Le CNAP a fourni 1,2 M€ pour la restauration. Deux campagnes de financement participatif avaient été lancées en complément. Par delà ce budget, de nombreux mécènes ont contribué en nature sous différentes formes. L’entreprise Saint-Gobain a travaillé sur des miroirs en assurant leur durabilité dans ces conditions spécifiques, ainsi que la colle idoine aux joints. Clairefontaine ont fourni du papier pour fabriquer le gabarit de ces miroirs. Une entreprise locale nous livre actuellement du sable et du gravier pour aménager le site. 

Enfin, le fonds de dotation du Crédit Agricole Pays de France a soutenu le projet contre échange d’une série de missions de médiation et d’éducation culturelle et artistique avec des établissements scolaires. Deux lycées professionnels parisiens, le lycée Lucas de Nehou (Paris 14e), et le lycée Brassaï (Paris 15e) spécialisé dans la photographie, ont accompagné le chantier.

Trois prestataires ont quant à eux supervisé ce chantier : le cabinet d’architecte GFTK, l’entreprise d’ingénierie Phung Consulting et le cabinet Ecovi, en charge de l’économie de la construction.

Quel est l’historique de cette œuvre ?

Le Cyclop enfin restauré.  - © Regis Grman
Le Cyclop enfin restauré. - © Regis Grman

Nikki de Saint-Phalle et Jean Tinguely voulaient produire une œuvre monumentale en extérieur - ils sont connus notamment pour leurs sculptures en plein air à travers le monde. Le Maroc, l’Italie et la Suisse avaient été envisagés, mais ils ont finalement opté pour une clairière dans le Bois des Pauvres de la forêt de Milly en Essonne, département dans lequel ils avaient leurs ateliers. Le chantier a commencé en 1969 de façon illégale, sans permis de construire, et le maire de Milly-la-Forêt a eu le bon sens de fermer les yeux et de les laisser travailler en cachette. L’œuvre s’est montée par touches, le couple invitant aussi des amis artistes à la compléter à leur façon. Il a fait don de l’œuvre a l’État en 1987, le CNAP en est ainsi le propriétaire. 

Quand le site a-t-il été ouvert au public et quelle a été sa dynamique de fréquentation depuis ?

Avant la fermeture, jusqu’à 20 000 visiteurs par an.

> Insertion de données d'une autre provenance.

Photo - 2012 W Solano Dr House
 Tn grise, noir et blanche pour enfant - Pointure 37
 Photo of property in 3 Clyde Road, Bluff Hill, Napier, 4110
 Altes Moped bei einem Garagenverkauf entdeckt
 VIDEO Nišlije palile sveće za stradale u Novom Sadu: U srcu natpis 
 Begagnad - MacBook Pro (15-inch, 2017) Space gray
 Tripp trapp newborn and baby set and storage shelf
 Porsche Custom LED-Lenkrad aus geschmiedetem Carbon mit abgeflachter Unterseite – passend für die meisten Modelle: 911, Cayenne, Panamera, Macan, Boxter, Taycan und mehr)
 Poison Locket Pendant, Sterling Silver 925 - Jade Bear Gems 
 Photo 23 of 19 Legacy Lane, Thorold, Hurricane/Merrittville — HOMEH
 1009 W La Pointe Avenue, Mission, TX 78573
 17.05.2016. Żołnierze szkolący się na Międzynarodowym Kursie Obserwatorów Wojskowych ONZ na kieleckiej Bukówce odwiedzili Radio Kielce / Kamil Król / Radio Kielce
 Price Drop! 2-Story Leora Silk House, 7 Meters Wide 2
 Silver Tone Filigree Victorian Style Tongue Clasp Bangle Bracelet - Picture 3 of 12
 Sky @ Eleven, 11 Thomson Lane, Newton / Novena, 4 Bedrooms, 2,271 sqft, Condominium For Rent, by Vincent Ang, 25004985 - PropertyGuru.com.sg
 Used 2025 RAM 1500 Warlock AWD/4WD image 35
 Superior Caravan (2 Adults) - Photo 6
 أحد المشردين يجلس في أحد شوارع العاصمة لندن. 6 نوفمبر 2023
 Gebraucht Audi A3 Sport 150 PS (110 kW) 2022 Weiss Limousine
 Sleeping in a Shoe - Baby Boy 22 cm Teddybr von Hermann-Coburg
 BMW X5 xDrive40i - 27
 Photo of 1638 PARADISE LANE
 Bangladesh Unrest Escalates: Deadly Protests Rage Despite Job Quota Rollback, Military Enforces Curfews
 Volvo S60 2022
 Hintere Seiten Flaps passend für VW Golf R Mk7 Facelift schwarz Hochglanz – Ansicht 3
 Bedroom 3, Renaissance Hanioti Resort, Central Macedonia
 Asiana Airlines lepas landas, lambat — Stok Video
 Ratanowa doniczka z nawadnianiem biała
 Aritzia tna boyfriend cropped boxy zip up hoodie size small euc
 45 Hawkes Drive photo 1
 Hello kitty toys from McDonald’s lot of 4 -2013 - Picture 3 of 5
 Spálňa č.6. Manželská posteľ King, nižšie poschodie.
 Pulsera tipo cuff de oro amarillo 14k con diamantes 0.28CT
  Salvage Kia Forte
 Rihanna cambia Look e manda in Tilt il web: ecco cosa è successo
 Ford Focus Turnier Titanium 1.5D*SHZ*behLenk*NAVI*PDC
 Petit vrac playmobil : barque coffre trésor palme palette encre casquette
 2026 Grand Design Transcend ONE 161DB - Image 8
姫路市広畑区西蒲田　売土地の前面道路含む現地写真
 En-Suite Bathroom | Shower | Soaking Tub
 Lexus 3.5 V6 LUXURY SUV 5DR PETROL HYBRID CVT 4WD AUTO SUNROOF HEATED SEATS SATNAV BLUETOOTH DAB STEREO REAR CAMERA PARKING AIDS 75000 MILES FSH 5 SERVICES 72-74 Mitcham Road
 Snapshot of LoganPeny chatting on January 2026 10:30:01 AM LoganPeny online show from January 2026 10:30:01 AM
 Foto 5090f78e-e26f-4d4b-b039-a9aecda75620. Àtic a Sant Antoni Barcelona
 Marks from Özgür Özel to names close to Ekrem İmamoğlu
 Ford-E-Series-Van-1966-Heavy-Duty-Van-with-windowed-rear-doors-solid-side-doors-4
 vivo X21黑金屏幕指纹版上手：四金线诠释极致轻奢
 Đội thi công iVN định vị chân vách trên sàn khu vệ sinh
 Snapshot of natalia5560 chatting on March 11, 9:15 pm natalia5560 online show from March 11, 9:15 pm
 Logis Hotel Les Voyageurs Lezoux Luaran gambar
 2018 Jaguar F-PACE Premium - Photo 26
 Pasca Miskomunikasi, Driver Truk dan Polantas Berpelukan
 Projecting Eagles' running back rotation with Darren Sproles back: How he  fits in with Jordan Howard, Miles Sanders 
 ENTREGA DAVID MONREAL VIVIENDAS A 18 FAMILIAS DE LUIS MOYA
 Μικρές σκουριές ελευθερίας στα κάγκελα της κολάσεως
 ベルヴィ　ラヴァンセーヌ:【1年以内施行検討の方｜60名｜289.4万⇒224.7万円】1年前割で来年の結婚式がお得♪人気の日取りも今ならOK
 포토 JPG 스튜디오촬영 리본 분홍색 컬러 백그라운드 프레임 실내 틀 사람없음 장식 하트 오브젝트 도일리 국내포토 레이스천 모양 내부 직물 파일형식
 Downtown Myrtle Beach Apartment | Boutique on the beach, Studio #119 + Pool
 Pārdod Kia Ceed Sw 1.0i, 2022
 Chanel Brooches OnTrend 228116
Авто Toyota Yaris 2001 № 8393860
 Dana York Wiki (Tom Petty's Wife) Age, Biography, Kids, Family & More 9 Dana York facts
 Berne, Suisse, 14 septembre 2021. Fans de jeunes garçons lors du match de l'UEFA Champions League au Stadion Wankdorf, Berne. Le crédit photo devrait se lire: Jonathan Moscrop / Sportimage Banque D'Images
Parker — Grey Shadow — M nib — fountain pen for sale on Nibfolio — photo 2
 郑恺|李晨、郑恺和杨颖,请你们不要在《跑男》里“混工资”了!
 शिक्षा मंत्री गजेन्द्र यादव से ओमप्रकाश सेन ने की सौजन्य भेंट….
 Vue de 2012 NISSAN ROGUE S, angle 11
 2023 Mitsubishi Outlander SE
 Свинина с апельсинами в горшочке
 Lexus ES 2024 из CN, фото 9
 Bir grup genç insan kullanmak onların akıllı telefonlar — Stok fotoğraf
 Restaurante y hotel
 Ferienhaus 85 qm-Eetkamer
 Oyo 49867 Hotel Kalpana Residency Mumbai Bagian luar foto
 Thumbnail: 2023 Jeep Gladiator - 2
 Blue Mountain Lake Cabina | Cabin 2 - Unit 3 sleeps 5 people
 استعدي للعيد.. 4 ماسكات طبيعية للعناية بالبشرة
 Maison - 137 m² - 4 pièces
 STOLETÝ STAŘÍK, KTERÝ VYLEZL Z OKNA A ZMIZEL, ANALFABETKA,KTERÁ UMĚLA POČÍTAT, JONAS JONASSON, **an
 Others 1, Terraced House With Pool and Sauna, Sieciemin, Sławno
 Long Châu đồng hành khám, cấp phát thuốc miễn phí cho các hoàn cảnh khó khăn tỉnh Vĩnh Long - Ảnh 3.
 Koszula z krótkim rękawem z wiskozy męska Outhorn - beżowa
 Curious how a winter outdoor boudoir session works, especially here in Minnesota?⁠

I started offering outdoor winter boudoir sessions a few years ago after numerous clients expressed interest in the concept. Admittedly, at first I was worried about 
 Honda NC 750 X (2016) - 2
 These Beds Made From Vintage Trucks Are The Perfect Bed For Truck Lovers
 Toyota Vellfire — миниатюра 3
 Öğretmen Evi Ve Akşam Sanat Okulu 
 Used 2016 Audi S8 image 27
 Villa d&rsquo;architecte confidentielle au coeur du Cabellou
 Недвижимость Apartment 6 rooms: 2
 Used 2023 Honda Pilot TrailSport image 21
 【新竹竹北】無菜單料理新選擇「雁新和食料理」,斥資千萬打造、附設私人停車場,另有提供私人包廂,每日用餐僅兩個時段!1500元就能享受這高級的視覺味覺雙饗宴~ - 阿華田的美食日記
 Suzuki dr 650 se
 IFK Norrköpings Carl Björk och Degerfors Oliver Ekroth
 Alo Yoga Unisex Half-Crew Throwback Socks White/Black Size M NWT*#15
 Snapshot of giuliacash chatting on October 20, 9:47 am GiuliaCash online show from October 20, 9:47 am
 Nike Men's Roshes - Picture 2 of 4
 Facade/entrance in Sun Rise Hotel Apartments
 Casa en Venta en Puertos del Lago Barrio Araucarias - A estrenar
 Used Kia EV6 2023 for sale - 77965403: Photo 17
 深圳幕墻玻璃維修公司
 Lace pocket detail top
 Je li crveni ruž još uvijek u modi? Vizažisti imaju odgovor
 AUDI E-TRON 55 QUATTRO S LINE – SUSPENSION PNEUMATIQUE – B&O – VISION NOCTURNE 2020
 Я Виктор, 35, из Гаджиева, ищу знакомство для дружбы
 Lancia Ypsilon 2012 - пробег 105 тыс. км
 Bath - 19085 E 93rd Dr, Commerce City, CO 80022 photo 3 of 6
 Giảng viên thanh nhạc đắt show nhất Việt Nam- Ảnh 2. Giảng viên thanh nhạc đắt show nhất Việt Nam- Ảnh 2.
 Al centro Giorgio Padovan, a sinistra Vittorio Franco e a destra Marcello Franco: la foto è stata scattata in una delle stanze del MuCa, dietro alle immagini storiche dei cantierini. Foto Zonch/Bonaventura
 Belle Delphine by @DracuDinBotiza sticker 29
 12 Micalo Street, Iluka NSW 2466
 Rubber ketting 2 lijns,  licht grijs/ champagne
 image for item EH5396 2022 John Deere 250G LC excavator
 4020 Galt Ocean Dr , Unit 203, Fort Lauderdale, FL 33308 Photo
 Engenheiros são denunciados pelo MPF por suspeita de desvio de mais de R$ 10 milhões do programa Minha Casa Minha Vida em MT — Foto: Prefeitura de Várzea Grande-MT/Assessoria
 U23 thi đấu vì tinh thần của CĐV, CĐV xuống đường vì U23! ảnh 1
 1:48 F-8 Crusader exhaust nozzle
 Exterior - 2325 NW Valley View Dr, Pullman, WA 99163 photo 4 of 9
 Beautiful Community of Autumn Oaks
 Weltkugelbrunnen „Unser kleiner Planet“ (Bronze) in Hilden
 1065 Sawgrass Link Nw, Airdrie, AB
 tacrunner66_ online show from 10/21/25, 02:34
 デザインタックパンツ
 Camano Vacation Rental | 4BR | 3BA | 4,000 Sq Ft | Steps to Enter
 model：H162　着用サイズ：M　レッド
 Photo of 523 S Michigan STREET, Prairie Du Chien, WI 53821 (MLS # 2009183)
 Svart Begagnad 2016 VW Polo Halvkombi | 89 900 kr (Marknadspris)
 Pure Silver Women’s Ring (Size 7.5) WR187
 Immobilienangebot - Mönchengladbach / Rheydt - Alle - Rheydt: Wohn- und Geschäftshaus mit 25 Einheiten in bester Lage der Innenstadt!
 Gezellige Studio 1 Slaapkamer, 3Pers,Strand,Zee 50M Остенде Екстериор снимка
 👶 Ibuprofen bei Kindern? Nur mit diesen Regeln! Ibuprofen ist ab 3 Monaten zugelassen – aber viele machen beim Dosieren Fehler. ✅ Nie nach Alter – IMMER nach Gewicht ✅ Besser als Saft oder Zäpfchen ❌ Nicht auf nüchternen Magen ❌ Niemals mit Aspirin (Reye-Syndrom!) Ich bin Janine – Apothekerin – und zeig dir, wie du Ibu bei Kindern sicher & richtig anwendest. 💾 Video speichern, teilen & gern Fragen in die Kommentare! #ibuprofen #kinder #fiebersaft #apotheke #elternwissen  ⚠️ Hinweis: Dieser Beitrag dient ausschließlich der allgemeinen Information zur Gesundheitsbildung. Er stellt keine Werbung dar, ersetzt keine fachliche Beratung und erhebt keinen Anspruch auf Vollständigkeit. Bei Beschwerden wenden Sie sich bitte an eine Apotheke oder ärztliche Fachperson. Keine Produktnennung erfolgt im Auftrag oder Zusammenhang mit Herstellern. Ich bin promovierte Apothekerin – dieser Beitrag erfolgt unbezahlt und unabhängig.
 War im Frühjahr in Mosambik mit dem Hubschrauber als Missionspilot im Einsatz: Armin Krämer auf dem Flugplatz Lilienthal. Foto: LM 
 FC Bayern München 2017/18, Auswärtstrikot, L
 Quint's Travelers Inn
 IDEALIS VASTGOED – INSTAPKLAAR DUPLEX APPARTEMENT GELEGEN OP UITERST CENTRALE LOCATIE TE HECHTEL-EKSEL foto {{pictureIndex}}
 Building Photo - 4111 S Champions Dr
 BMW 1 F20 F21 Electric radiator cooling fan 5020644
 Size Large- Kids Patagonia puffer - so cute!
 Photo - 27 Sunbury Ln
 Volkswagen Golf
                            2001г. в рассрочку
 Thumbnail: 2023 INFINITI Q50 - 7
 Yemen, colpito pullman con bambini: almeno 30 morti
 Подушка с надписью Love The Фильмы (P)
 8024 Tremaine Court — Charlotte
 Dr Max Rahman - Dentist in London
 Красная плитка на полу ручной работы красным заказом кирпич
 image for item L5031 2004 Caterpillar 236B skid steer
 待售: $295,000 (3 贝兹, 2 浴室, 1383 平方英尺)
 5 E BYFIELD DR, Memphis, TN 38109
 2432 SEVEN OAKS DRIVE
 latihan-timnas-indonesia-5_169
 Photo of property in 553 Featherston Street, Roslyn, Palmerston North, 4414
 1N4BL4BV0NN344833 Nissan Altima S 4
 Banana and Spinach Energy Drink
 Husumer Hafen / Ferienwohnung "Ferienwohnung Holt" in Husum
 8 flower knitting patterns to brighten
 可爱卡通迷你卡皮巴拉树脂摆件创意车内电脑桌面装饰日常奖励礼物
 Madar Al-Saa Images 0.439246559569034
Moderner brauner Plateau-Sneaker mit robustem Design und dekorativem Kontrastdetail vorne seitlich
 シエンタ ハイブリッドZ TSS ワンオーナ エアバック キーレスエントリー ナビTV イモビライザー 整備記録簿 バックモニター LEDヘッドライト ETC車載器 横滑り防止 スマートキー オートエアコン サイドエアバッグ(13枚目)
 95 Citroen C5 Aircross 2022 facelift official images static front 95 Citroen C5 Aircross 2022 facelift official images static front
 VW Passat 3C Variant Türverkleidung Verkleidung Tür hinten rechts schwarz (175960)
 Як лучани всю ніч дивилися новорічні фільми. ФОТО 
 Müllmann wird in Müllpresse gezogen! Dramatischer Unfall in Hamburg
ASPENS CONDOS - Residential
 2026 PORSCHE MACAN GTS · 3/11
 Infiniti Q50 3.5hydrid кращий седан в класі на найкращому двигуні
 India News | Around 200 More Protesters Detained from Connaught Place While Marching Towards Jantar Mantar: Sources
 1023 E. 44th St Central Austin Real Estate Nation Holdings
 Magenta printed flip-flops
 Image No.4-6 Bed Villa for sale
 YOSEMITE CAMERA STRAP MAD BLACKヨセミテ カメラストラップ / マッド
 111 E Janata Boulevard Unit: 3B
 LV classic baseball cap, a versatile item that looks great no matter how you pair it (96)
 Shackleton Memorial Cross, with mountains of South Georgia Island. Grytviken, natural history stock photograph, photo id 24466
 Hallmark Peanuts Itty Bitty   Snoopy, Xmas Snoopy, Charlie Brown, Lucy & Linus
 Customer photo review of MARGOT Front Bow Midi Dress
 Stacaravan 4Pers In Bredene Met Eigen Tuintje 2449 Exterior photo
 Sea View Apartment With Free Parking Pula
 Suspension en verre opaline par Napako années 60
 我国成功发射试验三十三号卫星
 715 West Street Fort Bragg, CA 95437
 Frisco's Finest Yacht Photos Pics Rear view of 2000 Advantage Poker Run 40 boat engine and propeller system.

Il a ouvert en 1994. Il a attiré les premières années quelques milliers de visiteurs par an, jusqu’à atteindre une moyenne de 20 000 personnes, jusqu’à sa fermeture en 2020. C’est le monument le plus visité d’Essonne, devant la maison de Jean Cocteau, également à Milly-la-Forêt. Le site est visitable gratuitement, d’avril à novembre, mais l’entrée à l’intérieur est payante et encadrée. Des visites de 45 minutes sont programmées, pour une quinzaine de personnes à chaque fois. Les enfants de moins de huit ans ne sont pas autorisés du fait de l’exiguïté de ce labyrinthe. Mais la visite du seul site est déjà spectaculaire, grâce à cette façade scintillante de 20 mètres et ce wagon de train suspendu surplombant le public. 

Qui anime le site pendant sa saison d’exploitation ?

C’est l’Association le Cyclop. Elle est en charge des visites, mais aussi des résidences d’artistes et de la programmation de performances ou de spectacles autour de l’œuvre. 

Pour sa réouverture, le site sera doté d’un nouvel espace d’accueil, d’une plateforme documentaire en ligne et fera l’objet d’une revue retraçant son histoire. Les ayants-droits ont été d’une grande aide dans la transmission de ressources concernant la mise en place de cette plateforme de ressources.